Very few members of the general public remember him now, but in his time Herbert Aptheker (1915 – 2003) was a very big deal indeed, and to this day he is a revered figure in the academy. He is considered a pioneer in the historical study of slavery in America – more broadly, in the general history of black Americans, and, more narrowly, in the history of slave revolts.

But he was not just a scholar. He was a devout Communist. David Horowitz called him “the Communist Party’s most prominent Cold War intellectual.” J. Edgar Hoover once said that the FBI considered Aptheker “the most dangerous Communist in the United States.” In 2015, Harvey Klehr, the historian of American Communism and of Soviet spying in the US, described him as “an ideological fanatic who squandered his talents as a historian, gave slavish devotion to a monstrous regime, and lacked the intellectual courage to say publicly what he wrote privately.”

Harvey Klehr

Indeed, as Klehr noted, Aptheker “joined the American Communist party (CPUSA) in August 1939, after the Nazi-Soviet pact, just as thousands of other disillusioned Jewish Communists were leaving.” And good Stalinist that he was, he parroted Uncle Joe’s calls for peace with Germany and, when the Nazis violated the pact in 1941 by invading the USSR, immediately reversed his position, calling for the US to fight shoulder to shoulder with the USSR and UK.

Aptheker’s whole adult life revolved around the CPUSA. As a student he was active in CPUSA front organizations, taught at the CPUSA’s New York Workers School, and was a regular reader of the CPUSA’s Daily Worker and New Masses and a contributor to other CPUSA rags. After the war, in which he fought on the European front, Aptheker settled in the American South, becoming an “education worker” (which is something like a “community organizer”) and working for yet another CPUSA front. From 1948 to 1953 he was a staffer at the CPUSA’s literary journal, Masses and Mainstream; from 1953 to 1963 he edited the CPUSA’s ideological monthly, Political Affairs; and from 1957 to 1991, he was a member of the CPUSA’s national committee, on which he was considered was the party’s leading “theoretician.”

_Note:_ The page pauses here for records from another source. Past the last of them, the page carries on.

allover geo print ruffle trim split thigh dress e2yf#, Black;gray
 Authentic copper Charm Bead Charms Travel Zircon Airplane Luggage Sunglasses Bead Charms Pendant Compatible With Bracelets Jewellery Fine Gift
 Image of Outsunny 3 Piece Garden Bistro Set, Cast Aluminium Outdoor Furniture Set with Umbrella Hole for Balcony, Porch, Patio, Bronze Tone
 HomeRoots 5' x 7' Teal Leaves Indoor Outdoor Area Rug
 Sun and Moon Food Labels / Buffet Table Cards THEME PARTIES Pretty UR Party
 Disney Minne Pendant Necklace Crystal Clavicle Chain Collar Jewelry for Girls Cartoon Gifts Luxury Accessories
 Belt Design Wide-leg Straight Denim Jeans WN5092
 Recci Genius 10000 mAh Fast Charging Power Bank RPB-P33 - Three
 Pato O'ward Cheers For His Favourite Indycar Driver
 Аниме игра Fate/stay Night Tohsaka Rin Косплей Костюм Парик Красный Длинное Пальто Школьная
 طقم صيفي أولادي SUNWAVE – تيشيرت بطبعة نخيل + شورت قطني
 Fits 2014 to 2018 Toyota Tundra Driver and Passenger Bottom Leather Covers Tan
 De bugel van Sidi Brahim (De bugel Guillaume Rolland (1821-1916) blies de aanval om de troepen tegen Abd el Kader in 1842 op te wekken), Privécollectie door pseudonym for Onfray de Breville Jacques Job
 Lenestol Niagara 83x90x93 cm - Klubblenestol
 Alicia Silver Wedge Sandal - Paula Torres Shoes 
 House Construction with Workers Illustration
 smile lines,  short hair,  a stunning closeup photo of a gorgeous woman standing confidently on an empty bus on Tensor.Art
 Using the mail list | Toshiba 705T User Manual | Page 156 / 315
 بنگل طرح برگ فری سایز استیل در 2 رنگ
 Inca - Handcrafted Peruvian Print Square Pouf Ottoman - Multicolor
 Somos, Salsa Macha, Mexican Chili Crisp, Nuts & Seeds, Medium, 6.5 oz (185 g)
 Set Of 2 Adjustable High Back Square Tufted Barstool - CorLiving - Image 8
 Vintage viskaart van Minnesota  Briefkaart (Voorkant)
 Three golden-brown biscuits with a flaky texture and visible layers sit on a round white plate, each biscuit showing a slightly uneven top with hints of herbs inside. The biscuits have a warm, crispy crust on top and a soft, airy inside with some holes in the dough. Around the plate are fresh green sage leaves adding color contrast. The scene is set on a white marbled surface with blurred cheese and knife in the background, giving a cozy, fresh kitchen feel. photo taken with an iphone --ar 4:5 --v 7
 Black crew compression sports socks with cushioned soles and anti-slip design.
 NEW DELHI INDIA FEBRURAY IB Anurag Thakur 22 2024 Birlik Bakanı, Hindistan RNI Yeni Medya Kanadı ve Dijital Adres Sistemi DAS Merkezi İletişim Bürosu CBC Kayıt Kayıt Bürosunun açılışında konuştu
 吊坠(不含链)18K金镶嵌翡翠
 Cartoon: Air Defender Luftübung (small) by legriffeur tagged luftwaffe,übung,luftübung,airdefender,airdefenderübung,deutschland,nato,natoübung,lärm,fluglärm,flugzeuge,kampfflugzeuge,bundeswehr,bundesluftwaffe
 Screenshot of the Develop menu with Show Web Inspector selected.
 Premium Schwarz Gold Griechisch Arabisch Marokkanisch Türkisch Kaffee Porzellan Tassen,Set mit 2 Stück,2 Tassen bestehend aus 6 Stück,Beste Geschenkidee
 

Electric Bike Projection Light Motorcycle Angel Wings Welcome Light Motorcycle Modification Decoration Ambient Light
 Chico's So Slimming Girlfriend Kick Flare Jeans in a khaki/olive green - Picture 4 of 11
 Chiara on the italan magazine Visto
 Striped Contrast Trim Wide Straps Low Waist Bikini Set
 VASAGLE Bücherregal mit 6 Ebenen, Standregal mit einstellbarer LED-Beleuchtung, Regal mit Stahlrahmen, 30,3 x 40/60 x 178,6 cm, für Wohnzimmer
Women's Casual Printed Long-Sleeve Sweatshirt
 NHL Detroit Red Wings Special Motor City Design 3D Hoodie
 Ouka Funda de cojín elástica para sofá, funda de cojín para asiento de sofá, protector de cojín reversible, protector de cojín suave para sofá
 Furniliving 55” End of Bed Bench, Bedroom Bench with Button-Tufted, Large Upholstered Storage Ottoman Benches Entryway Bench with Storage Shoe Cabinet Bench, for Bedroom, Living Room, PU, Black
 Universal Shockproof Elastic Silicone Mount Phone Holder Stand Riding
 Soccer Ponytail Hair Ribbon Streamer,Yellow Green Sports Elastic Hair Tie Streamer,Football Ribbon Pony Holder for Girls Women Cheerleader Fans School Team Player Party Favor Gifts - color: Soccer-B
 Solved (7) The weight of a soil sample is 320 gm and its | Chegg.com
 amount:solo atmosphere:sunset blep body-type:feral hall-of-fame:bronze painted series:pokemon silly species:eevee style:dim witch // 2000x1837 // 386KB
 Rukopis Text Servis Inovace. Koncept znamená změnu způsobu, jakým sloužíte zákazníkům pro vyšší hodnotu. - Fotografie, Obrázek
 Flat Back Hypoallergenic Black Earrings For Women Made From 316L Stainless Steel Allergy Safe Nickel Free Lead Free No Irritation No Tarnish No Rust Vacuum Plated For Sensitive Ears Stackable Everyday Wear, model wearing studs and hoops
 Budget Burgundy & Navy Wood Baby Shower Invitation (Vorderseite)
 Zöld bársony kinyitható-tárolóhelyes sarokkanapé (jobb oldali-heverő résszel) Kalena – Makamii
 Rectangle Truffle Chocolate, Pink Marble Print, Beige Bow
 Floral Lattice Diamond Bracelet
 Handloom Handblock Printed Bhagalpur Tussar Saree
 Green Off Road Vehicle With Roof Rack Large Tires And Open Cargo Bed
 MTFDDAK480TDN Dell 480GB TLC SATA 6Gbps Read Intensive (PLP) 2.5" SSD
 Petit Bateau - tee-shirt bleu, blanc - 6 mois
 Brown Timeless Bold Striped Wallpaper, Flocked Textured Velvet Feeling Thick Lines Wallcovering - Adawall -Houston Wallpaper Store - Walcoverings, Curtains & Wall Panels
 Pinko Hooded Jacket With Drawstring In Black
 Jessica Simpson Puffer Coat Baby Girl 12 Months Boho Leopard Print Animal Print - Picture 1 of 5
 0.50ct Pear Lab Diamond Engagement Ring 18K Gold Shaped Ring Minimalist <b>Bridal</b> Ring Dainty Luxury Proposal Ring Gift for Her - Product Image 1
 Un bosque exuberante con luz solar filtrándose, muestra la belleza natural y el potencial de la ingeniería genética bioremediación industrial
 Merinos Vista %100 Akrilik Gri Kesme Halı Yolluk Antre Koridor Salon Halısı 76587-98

Aptheker, Hayden, and other Hanoi travel companions

While the USSR lasted, nothing shook his devotion to it. He was always prepared to defend Stalin’s atrocities, and when the Soviets invaded Hungary in 1956, he wrote a book justifying the invasion. He also penned a defense of the 1968 invasion of Czechoslovakia. If the Kremlin was incapable of doing anything of which Aptheker would not approve, the U.S., in his view, could do no right. For him, the Marshall Plan amounted to “renazification.” And of course the Vietnam War was, in his eyes, a pure act of imperialist aggression. In 1966 he and Tom Hayden – the California radical who was then Jane Fonda’s husband – made “solidarity” trips to Hanoi and Beijing.

Eldridge Cleaver

In 1966, while remaining a CPUSA stalwart, Aptheker ran for Congress as a member of the Peace and Freedom Party, whose candidate for president of the U.S., two years later, was Eldridge Cleaver, the Black Panther leader and convicted rapist who would later become involved in a shootout with Oakland police and flee the country to escape a murder rap.

Eugene Genovese

Under the pro-Marxist dispensation on post-Vietnam American campuses, Aptheker’s academic career thrived: he taught at Bryn Mawr, at the University of Massachusetts at Amherst, at CUNY, at Yale, at Berkeley, and at Humboldt University in Berlin. Yet he should never have been considered a serious historian: he consistently twisted or suppressed or invented facts to suit his ideological purposes. (Recall that a habit of focusing on the worst of America, including its history of slavery, was a key CPUSA activity.) Klehr acknowledges that “Aptheker deserves credit as a pioneer in the field of African-American studies,” but notes that “his work later came under sustained attack by far more accomplished historians who argued that he had overemphasized the significance of slave revolts and misjudged the militancy of most slaves. Even his fellow Marxist, Eugene Genovese, who praised Aptheker and sought to integrate him into the historical profession, offered a devastating critique of his thesis.”

Bettina Aptheker

Aptheker did not quit the CPUSA until after the Soviet Union had fallen, leaving him without a lodestar. To be sure, once the USSR was dead, and exposed to the world as, indeed, an Evil Empire, he felt obliged to cough up a few public recriminations, admitting, for example, that the CPUSA (contrary to his decades-long claims) had always been controlled and funded by the Kremlin. “In short,” wrote Klehr, “he confirmed much of what the ‘right-wing reactionaries’ had said about the CPUSA and the Soviet Union for decades.”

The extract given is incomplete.